> [Input data]:
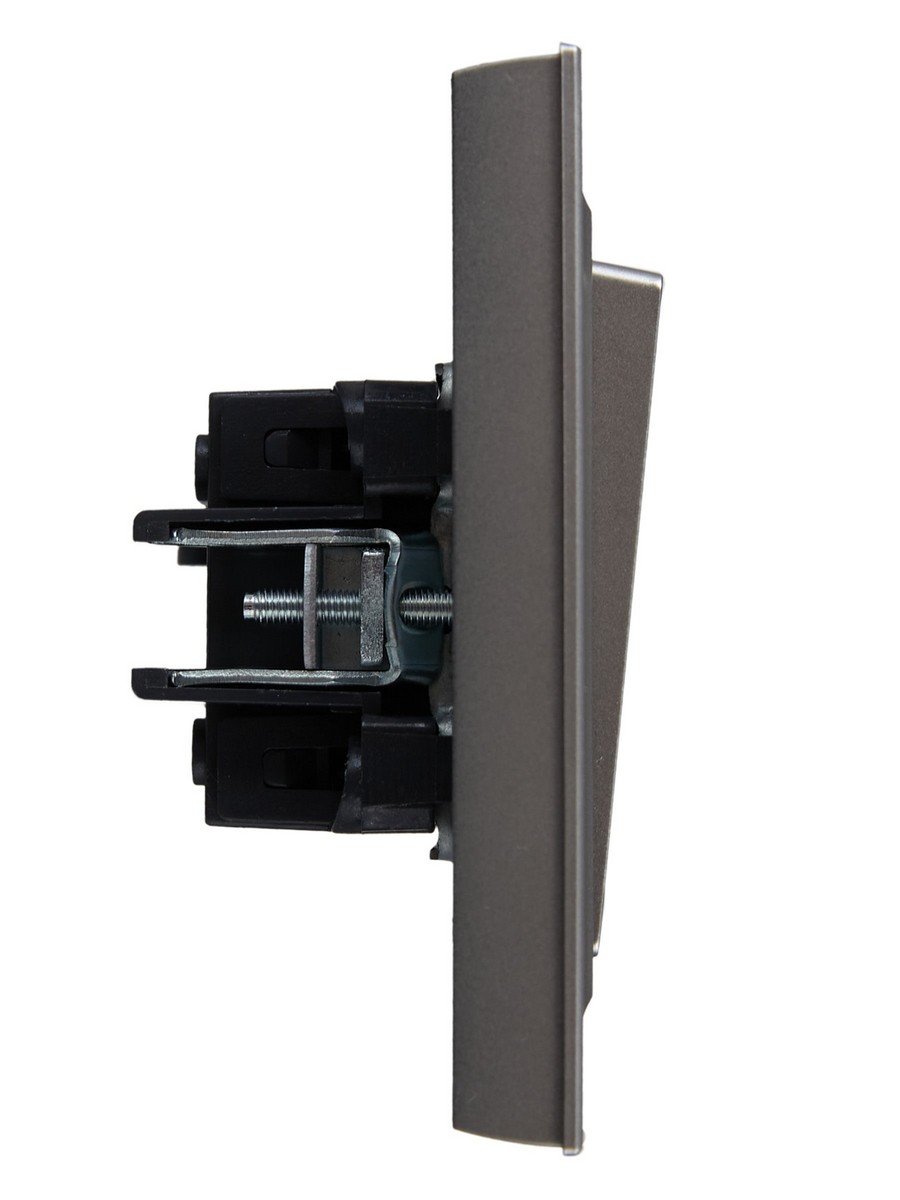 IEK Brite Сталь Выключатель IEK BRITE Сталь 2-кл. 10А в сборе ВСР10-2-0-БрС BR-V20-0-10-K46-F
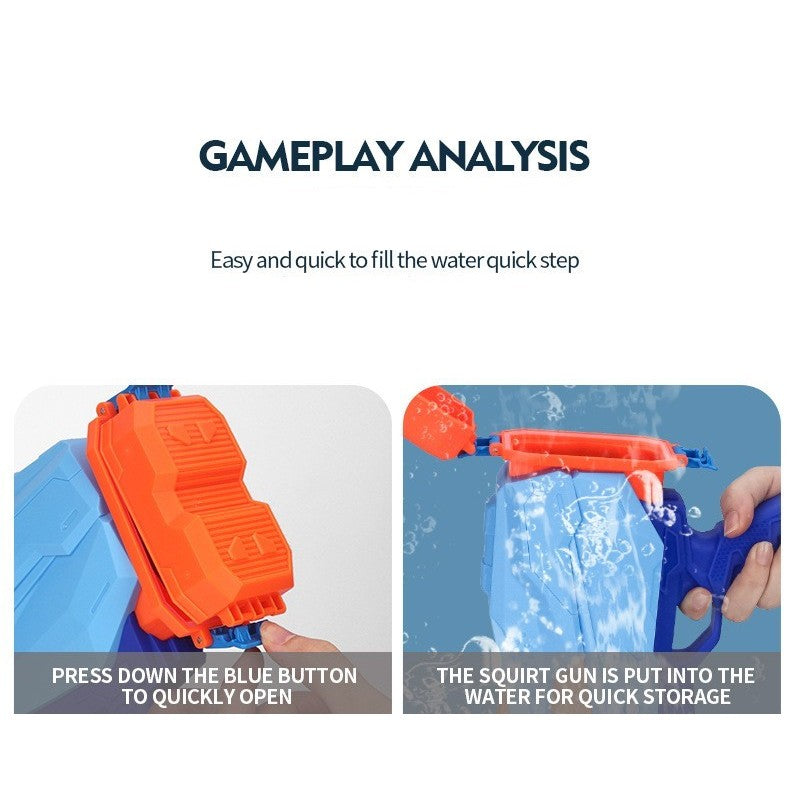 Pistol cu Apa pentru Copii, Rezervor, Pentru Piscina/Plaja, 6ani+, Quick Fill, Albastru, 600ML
---
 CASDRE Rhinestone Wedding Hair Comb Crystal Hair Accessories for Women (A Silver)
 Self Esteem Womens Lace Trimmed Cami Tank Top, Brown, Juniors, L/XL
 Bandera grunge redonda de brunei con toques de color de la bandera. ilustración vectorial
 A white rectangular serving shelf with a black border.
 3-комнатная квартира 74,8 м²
--
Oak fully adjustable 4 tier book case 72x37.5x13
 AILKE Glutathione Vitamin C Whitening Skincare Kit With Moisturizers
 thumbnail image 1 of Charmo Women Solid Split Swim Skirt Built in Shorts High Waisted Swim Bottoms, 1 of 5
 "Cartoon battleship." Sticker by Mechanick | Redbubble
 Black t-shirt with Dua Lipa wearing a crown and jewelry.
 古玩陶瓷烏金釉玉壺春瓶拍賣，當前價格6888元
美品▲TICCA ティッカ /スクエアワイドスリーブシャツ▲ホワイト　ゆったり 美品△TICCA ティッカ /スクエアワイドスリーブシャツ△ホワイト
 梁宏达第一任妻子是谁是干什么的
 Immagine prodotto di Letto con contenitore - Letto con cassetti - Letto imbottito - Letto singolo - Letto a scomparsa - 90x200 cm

> [Action item]: Using the entries above, reproduce word for word only the lines from the one that contains "IEK Brite Сталь Выключатель" to the one that contains "Pistol cu Apa", both ends included, and drop every picture.

> [Solution for this task]:
 IEK Brite Сталь Выключатель IEK BRITE Сталь 2-кл. 10А в сборе ВСР10-2-0-БрС BR-V20-0-10-K46-F
 Pistol cu Apa pentru Copii, Rezervor, Pentru Piscina/Plaja, 6ani+, Quick Fill, Albastru, 600ML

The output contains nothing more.